Les élèves externes reçoivent, chaque fois qu’elles jouent, un cachet de deux francs.
Les demoiselles des quadrilles touchent de cent à deux cents francs par mois.
Les coryphées, deux cent cinquante et trois cents.
Les sujets, de trois cents à six cents.
Les premiers sujets, de six cents à quinze cents.
Les étoiles, de vingt-cinq mille à trente mille francs par an.
Notons, en passant, qu’il y a pour celles-ci une diminution sensible.
Taglioni gagnait trente-six mille francs par an ; Fanny Elssler, quarante-six mille ; Carlotta Gris, quarante-deux mille ; la Cerrito, quarante-cinq mille ; la Rosati, soixante mille ; etc., etc., etc.
Il est vrai que les étoiles d’aujourd’hui ne sont guère que des nébuleuses auprès de ces astres d’antan.
Autrefois, sur ses maigres appointements, le rat était obligé de se fournir de jupons, — qu’il lavait et qu’il repassait lui-même le plus souvent, — ainsi que de tout ce qui concerne l’art de faire sa tête : du blanc, du rouge, du bleu, du noir, etc., etc., etc.
Aujourd’hui, l’administration fournit tout au personnel de la danse, — le cold-cream et la poudre de riz exceptés.

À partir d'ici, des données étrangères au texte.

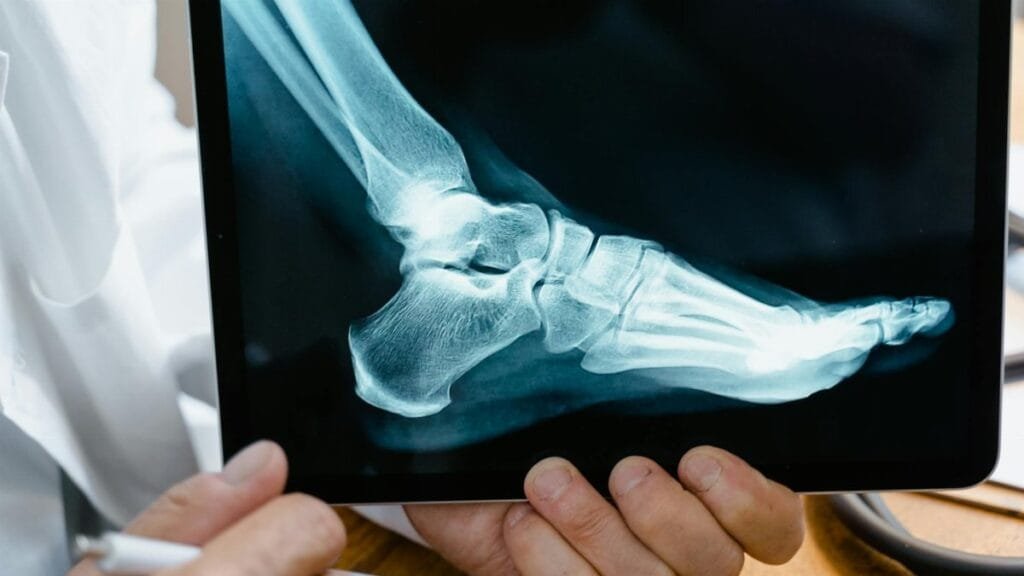 A doctor reviews a foot X-ray on a digital tablet in a medical consultation setting.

Elle lui fournit, selon les besoins du service, les jupons et les maillots. Ceux-ci valent environ vingt-cinq francs la paire. Ce qui n’empêche pas ces demoiselles des quadrilles d’apporter si peu de soin à les endosser, qu’il est urgent de les remplacer fréquemment. Chaque jour, on entend les habilleuses et les régisseurs crier :
— Mademoiselle, prenez donc garde ! Vous allez déchirer votre maillot !
— Si je le déchire, on le verra bien !
Histoire d’en avoir un neuf !
La chaussure représente pareillement une forte dépense pour l’administration.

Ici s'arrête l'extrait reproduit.